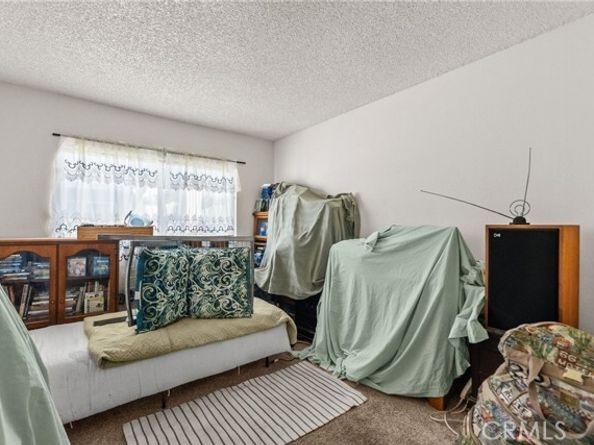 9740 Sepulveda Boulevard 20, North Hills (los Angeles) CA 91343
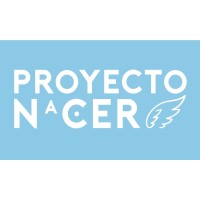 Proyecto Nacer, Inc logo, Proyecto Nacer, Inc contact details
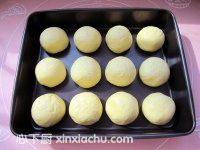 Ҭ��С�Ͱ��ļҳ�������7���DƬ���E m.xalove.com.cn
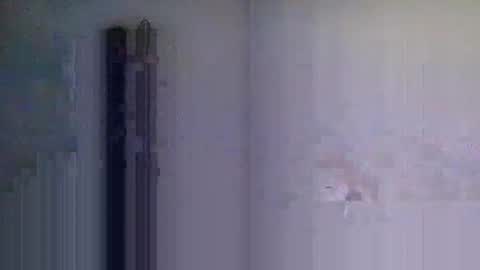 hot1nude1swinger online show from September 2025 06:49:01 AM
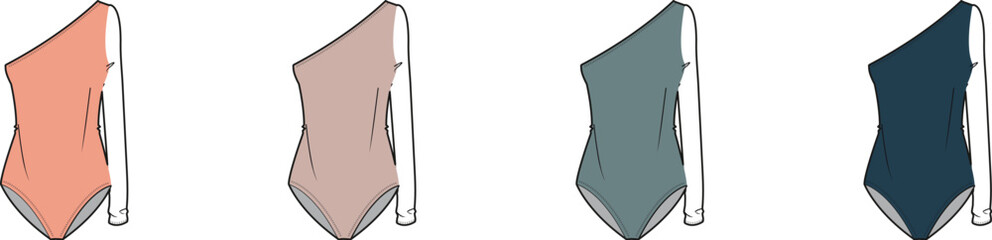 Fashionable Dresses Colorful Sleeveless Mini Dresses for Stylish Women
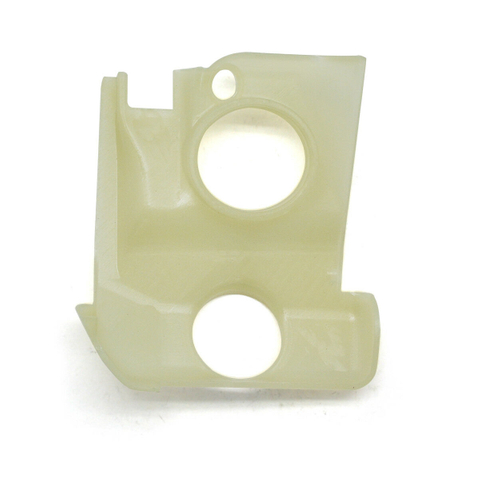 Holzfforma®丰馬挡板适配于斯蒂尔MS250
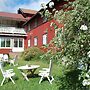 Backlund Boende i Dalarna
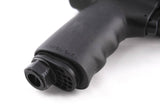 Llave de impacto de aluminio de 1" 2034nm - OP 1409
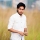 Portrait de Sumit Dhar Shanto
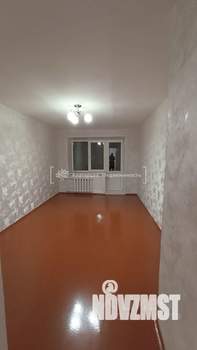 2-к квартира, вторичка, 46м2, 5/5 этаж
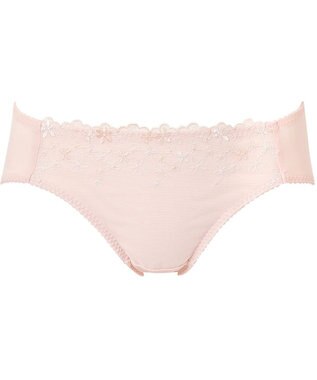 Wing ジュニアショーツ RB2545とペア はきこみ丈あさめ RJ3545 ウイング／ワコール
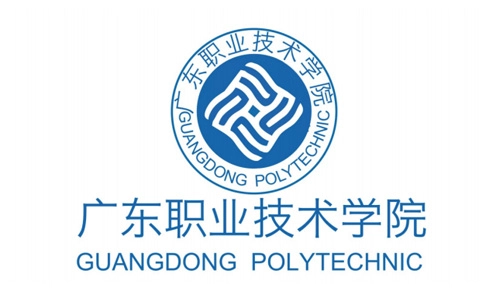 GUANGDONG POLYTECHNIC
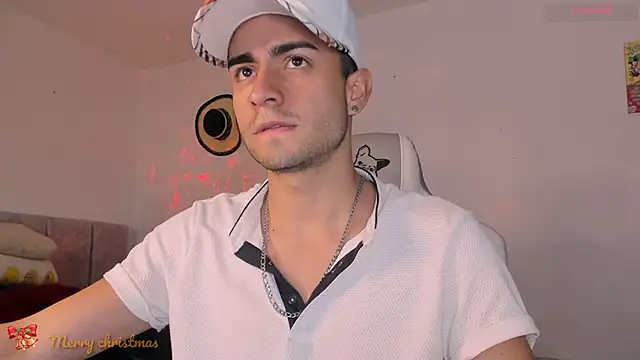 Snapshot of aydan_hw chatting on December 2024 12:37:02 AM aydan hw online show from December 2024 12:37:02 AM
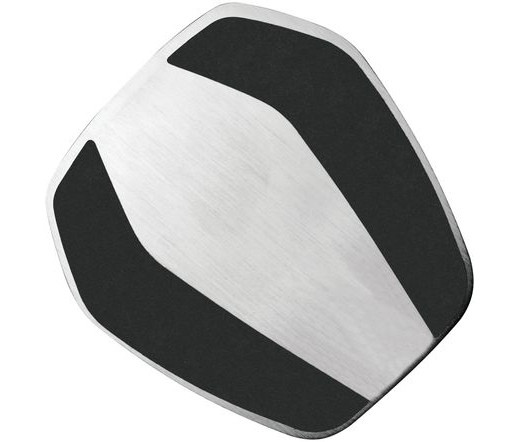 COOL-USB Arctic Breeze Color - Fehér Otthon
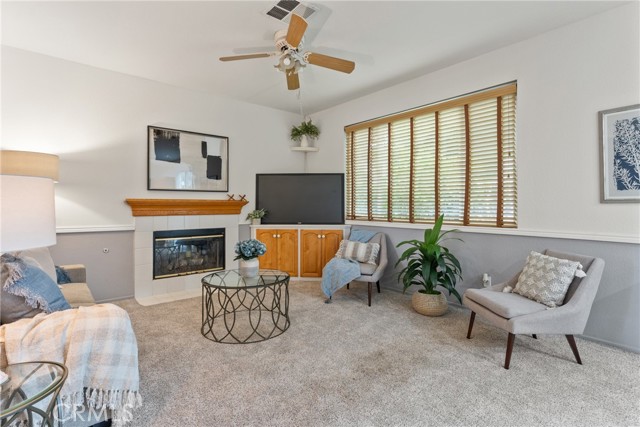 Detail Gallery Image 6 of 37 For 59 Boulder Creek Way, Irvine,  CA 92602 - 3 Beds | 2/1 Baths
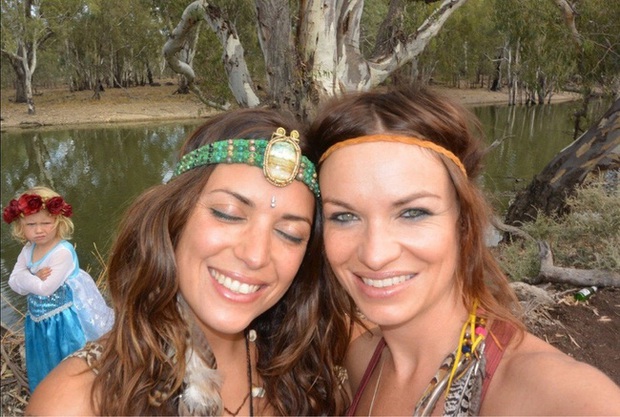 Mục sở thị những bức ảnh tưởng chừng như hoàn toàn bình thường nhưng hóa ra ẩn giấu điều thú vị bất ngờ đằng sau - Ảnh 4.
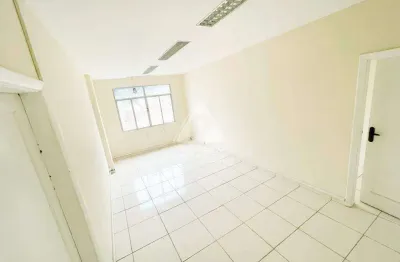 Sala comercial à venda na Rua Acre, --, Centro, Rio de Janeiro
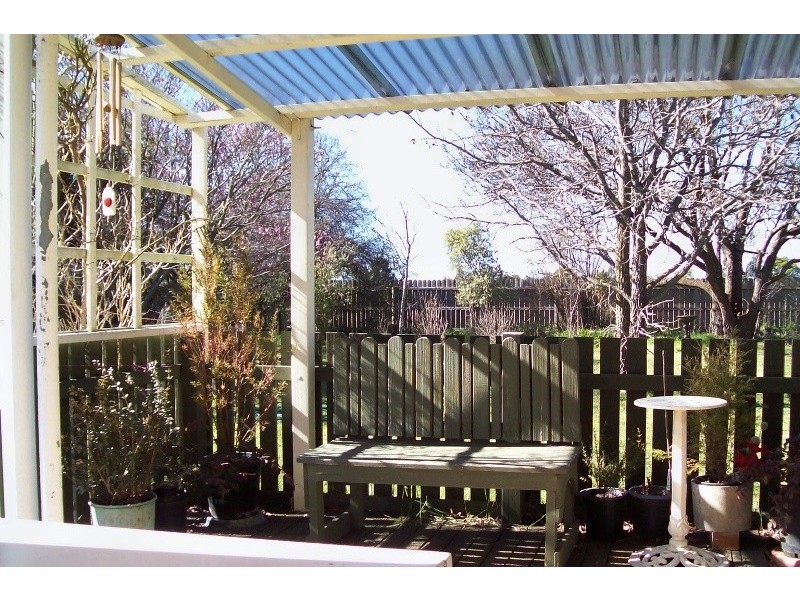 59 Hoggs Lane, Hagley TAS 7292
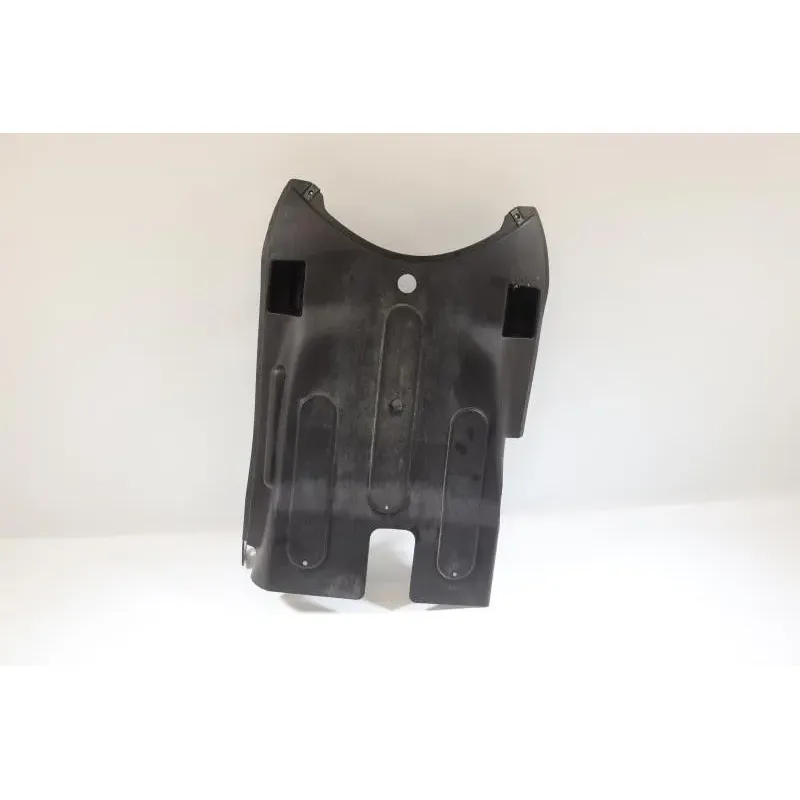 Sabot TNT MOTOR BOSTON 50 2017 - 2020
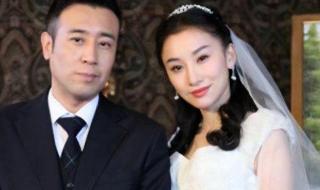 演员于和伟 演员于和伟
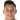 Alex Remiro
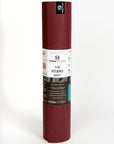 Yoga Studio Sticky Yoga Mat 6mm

---

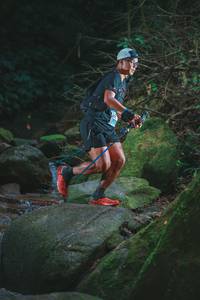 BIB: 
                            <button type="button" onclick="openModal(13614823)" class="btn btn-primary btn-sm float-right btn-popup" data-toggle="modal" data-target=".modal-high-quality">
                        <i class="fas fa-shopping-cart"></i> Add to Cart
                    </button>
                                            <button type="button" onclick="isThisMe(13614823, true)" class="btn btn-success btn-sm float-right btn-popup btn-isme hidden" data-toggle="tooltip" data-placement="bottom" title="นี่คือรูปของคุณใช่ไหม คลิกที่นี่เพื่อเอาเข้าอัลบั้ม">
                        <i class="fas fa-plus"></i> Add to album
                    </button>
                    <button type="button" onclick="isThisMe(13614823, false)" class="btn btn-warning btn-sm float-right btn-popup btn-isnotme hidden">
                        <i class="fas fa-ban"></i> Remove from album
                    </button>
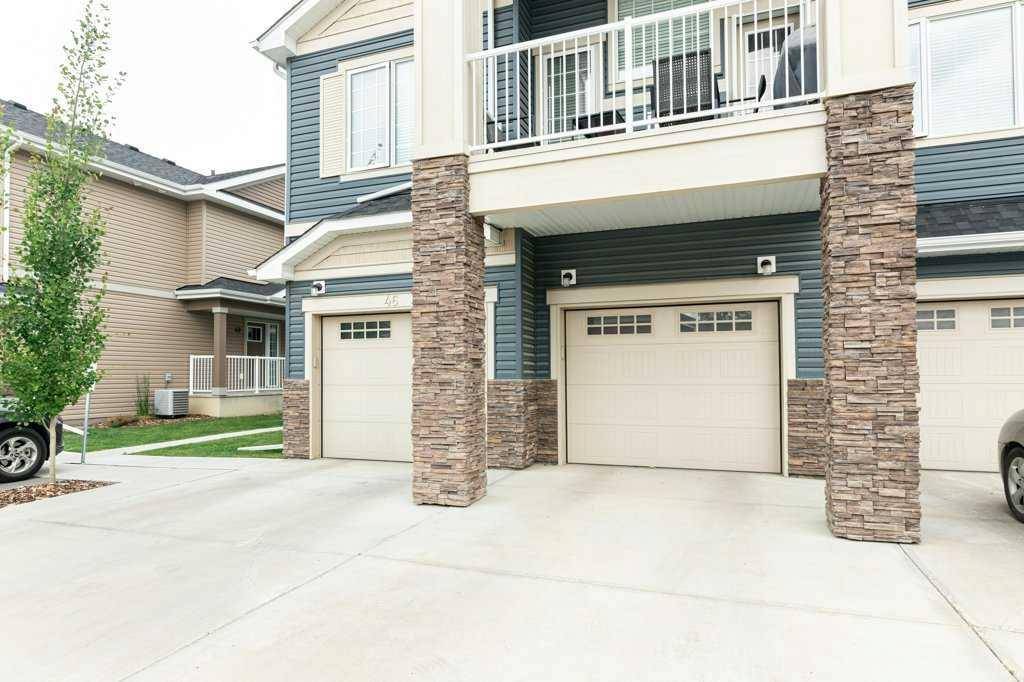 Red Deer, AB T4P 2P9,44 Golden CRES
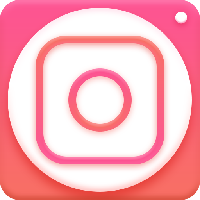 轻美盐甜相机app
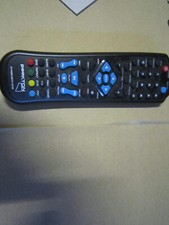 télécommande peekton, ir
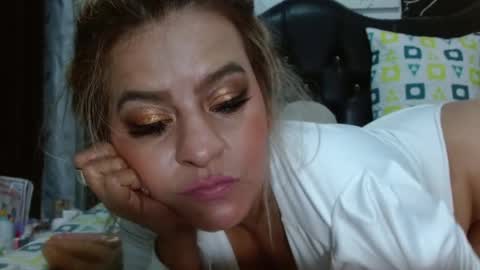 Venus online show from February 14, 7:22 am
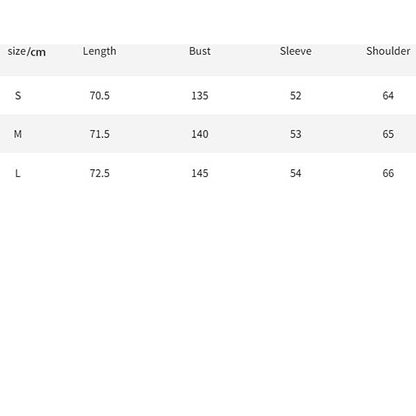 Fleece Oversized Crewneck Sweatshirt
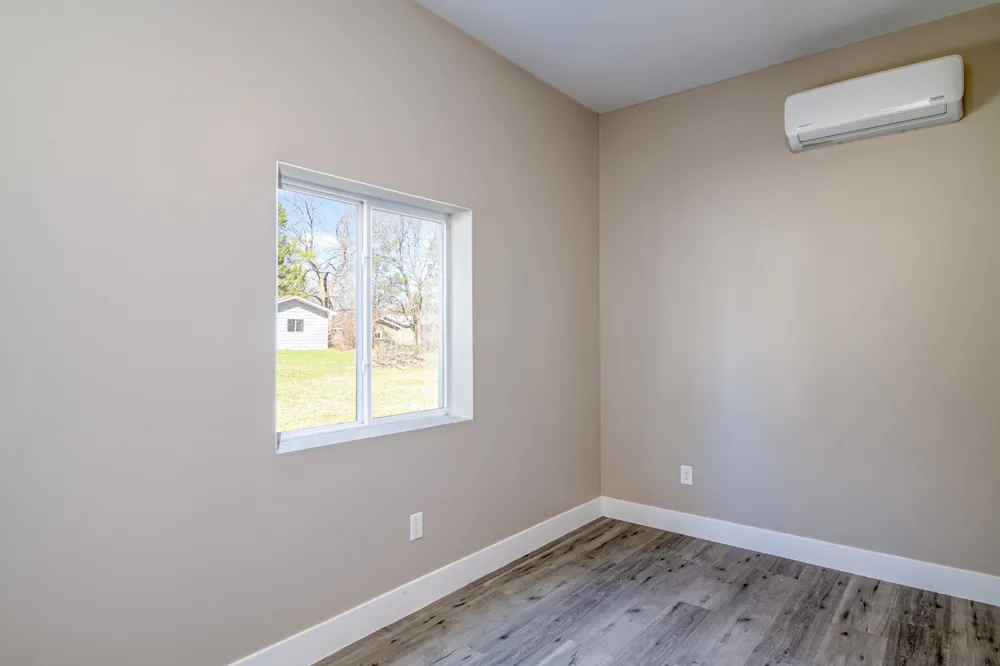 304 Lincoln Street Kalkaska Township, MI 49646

---

#### [What to do]
Transcribe only this stretch of the data: the line with "Red Deer, AB T4P 2P9,44 Golden CRES", the line with "304 Lincoln Street", and every line in between. Leave out the pictures.

#### [Answer section]
 Red Deer, AB T4P 2P9,44 Golden CRES
 轻美盐甜相机app
 télécommande peekton, ir
 Venus online show from February 14, 7:22 am
 Fleece Oversized Crewneck Sweatshirt
 304 Lincoln Street Kalkaska Township, MI 49646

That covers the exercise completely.